La JRTN a été formellement constituée fin 2006, elle a choisi son nom en référence à un ordre soufi, la Tariqa Nakshabandia, originaire du sous-continent indien et implanté, depuis deux siècles, dans le nord de l'Irak où beaucoup d'habitants suivent cette voie mystique.
La Jaish Rijal al-Tariqa Nakshabandia qui serait constituée de nostalgiques du parti Baas et d'anciens officiers, affirme publiquement être contre les attentats-suicide et affiche, dans ses communiqués, son opposition aux attaques contre les civils et les policiers, réservant ses frappes aux soldats américains et à leurs auxiliaires irakiens.
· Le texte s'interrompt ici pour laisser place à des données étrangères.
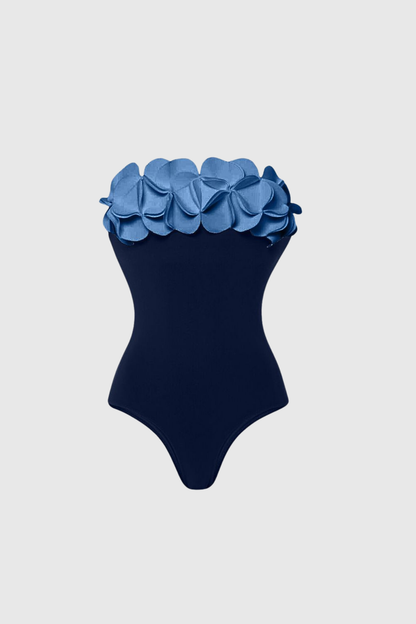 marguerite Flower Bodycon Swimsuit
En somme, une manière soufie de pratiquer le terrorisme…
Soufisme, combien de bataillons ?
Selon Khaled Bentounès les soufis représentent 20% de l’ensemble des fidèles du culte musulman, estimés à 1,5 milliard. « Ainsi, une simple opération arithmétique révèle qu’il y a quelque 300 millions de personnes rattachées à des voies soufies dans le monde », déduit-il, et d’ajouter que l’Egypte à elle
seule compte quelque 15 millions d’adeptes des confréries religieuses.
Bientôt une mosquée soufie à Paris
Lors de la convention de Mostaganem, Khaled Bentounès a évoqué un projet d’envergure dont il est l’un des principaux initiateurs. Il s’agit de la construction d’une nouvelle grande mosquée à Paris, dans le quartier de la Goutte d’Or.
« Ce sera la future mosquée du XXIème siècle », promet –il.